In ogni caso il giovane Gabriele non amava l’idea di occuparsi di contratti e beghe tra esseri umani, di compromessi
e liti tra cittadini, di carte bollate e timbri.
Gabriele Nigro preferiva di gran lunga le astrazioni della matematica, il respiro quasi metafisico che la ispira ai
suoi più alti livelli, e per contro la sua pratica e materica applicazione ai corpi della fisica, alle sue certezze
sperimentali e galileiane, magari alle impalpabilità della magnetica, dell’elettronica. Insomma, amava ciò che, pur apparentemente
immaterico, resta sempre e comunque quantizzabile.
Oltre che nella matematica, della quale aveva proprio il cosiddetto bernoccolo, e nella fisica, Gabriele Nigro
eccelleva praticamente in tutte le materie scolastiche. E quando capì che i propri orizzonti erano molto più vasti,
non esitò a partecipare al concorso di ammissione alla Scuola Normale Superiore di Pisa, concorso che, naturalmente, vinse.
La Scuola gli assicurava vitto e alloggio e in breve si laureò e sempre a Pisa conobbe la futura moglie, dalla quale
ebbe quattro figli, Giovanni, Giovanna, Romeo e infine Mario, o meglio Antonio Mario Nigro, il quale amava raccontare
della decisione presa da suo padre a Melfi più o meno nei termini che seguono.

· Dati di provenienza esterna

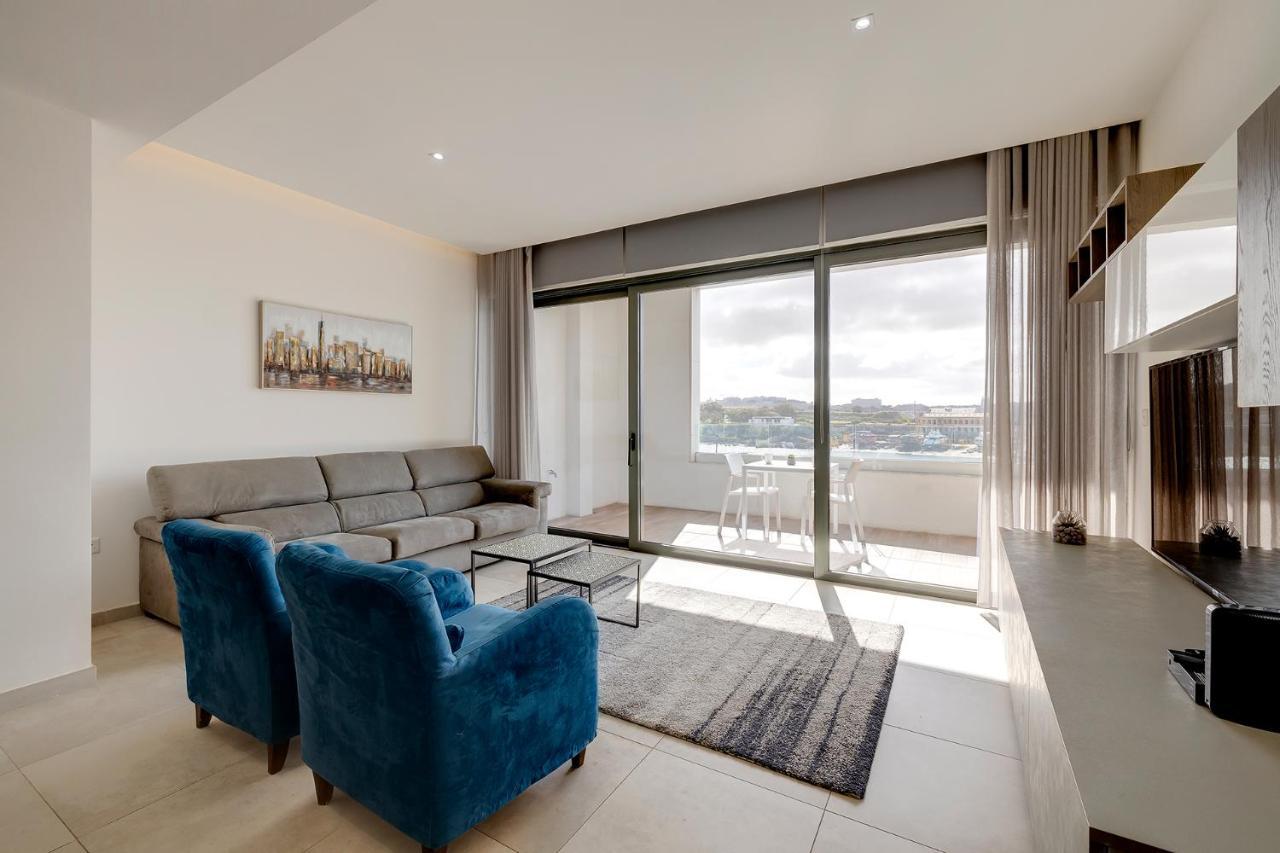 Deluxe Apartment With Valletta And Harbour Views Sliema Exteriör bild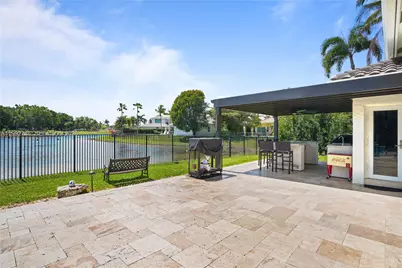 2569 Eagle Run Ln #0, Weston, FL 33327 - Photo 50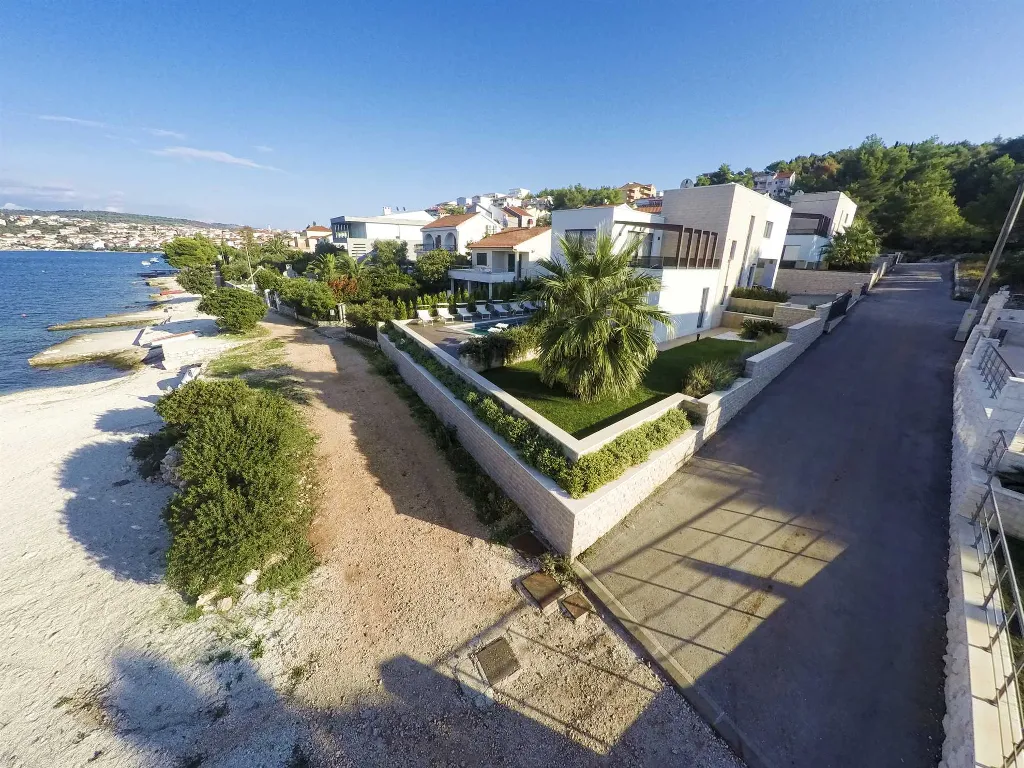 Villa in Okrug Gornji for 11 Guests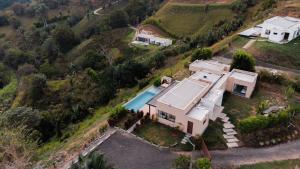 una vista aérea de una casa con piscina en Casa Río Quindío, en La Tebaida
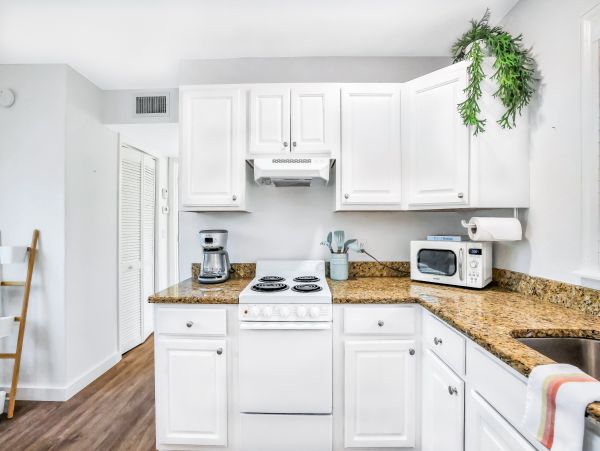 Beach condo, shared pool and wifi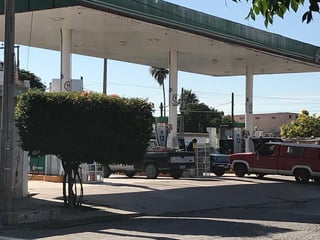 Diversas corporaciones de seguridad en Torreón se movilizaron hasta la gasolinera ubicada sobre bulevar Revolución y Paseo de la Rosita, luego de qué se registrará un asalto. (ARCHVO)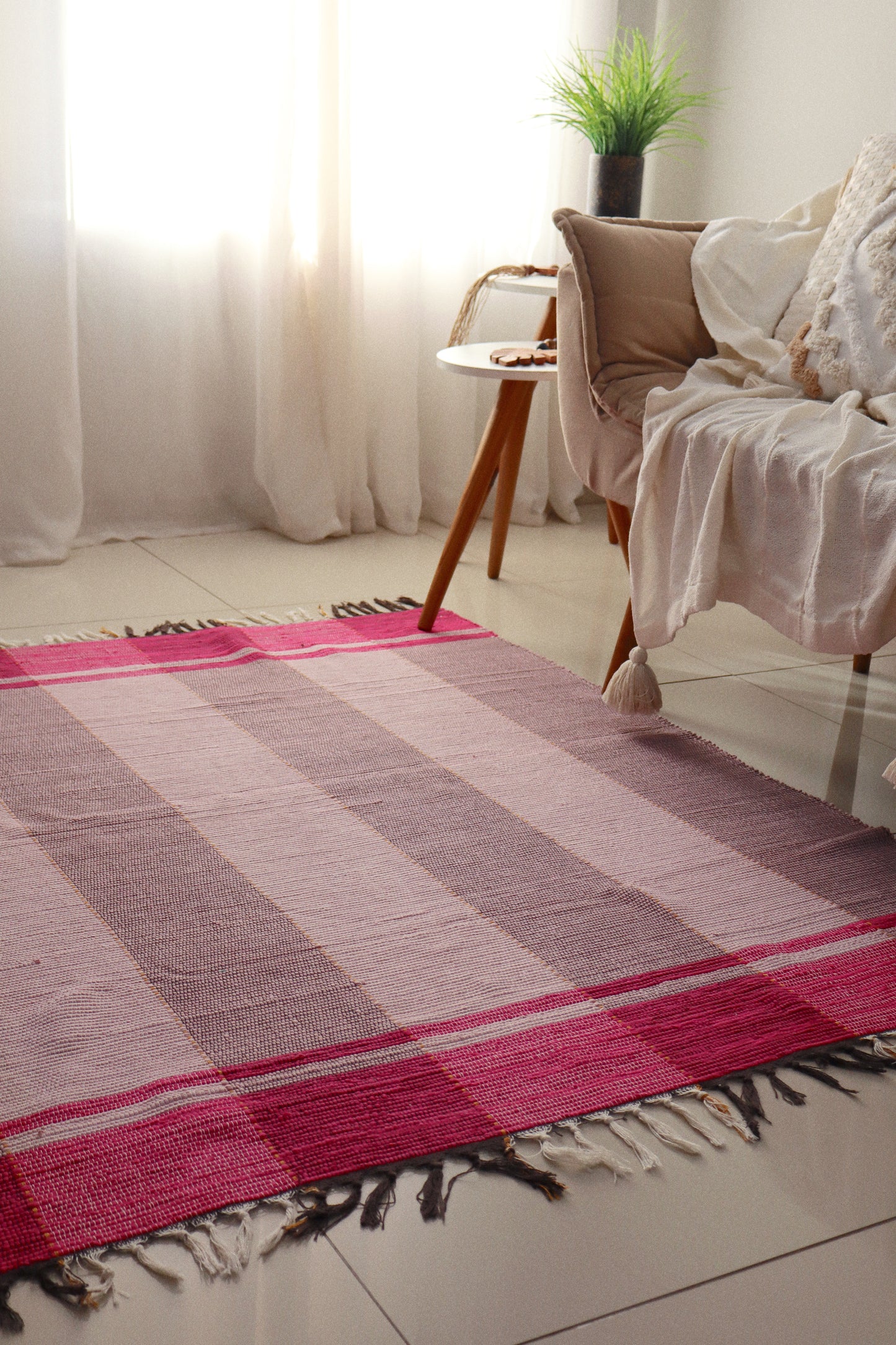 Tapete em Malha Moldura Rosa 1,50x1,50m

Il padre di suo padre, cioè suo nonno, che peraltro Mario non conobbe mai, lavorò come notaio a Melfi per anni,
finché, raggiunta l’età dei cinquanta, convocò tutta la famiglia nel suo studio, si sdraiò beatamente sul divano
(il classico divano dello studio notarile, probabilmente molto simile al famigerato divano notarile dei racconti di
Piero Chiara), e rivolgendosi alle decine di occhi straniti dei tanti figlioli, così tanti che manco se ne ricordava
esattamente il numero, disse: "Figli miei, io non più voglia di faticare". E da quel giorno effettivamente non lavorò
più. Panico più totale per i figli. Alcuni di loro, i più grandi, rilevarono lo studio notarile. Gabriele scelse la
via della Matematica, si trasferì in toscana e non tornò più.